(Extracted data entries)
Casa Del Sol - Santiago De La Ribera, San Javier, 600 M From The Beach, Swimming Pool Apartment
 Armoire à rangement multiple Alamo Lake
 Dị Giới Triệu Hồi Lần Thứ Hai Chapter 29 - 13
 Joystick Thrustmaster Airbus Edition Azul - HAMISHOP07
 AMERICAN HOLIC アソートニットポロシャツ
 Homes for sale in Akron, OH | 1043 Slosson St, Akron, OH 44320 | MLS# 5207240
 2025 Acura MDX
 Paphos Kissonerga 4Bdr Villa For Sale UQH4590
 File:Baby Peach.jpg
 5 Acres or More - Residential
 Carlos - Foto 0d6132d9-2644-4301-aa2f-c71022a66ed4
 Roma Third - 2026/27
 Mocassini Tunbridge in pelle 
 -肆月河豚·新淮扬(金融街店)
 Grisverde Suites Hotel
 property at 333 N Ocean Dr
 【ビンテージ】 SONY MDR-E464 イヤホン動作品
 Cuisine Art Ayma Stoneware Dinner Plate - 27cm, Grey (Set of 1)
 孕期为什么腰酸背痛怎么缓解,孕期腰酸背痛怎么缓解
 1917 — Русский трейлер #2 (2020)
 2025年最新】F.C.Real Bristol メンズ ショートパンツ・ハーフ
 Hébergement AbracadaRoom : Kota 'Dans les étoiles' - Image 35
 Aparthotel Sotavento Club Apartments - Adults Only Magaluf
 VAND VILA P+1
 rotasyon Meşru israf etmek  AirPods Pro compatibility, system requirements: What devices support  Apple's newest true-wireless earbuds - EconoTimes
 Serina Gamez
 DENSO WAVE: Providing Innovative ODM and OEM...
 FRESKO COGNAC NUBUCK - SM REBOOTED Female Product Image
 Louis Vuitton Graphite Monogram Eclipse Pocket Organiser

• **THE TASK**
From the line with "2025 Acura MDX" to the final line of the entries above, return every line exactly as written.

• **RESPONSE AREA**
 2025 Acura MDX
 Paphos Kissonerga 4Bdr Villa For Sale UQH4590
 File:Baby Peach.jpg
 5 Acres or More - Residential
 Carlos - Foto 0d6132d9-2644-4301-aa2f-c71022a66ed4
 Roma Third - 2026/27
 Mocassini Tunbridge in pelle 
 -肆月河豚·新淮扬(金融街店)
 Grisverde Suites Hotel
 property at 333 N Ocean Dr
 【ビンテージ】 SONY MDR-E464 イヤホン動作品
 Cuisine Art Ayma Stoneware Dinner Plate - 27cm, Grey (Set of 1)
 孕期为什么腰酸背痛怎么缓解,孕期腰酸背痛怎么缓解
 1917 — Русский трейлер #2 (2020)
 2025年最新】F.C.Real Bristol メンズ ショートパンツ・ハーフ
 Hébergement AbracadaRoom : Kota 'Dans les étoiles' - Image 35
 Aparthotel Sotavento Club Apartments - Adults Only Magaluf
 VAND VILA P+1
 rotasyon Meşru israf etmek  AirPods Pro compatibility, system requirements: What devices support  Apple's newest true-wireless earbuds - EconoTimes
 Serina Gamez
 DENSO WAVE: Providing Innovative ODM and OEM...
 FRESKO COGNAC NUBUCK - SM REBOOTED Female Product Image
 Louis Vuitton Graphite Monogram Eclipse Pocket Organiser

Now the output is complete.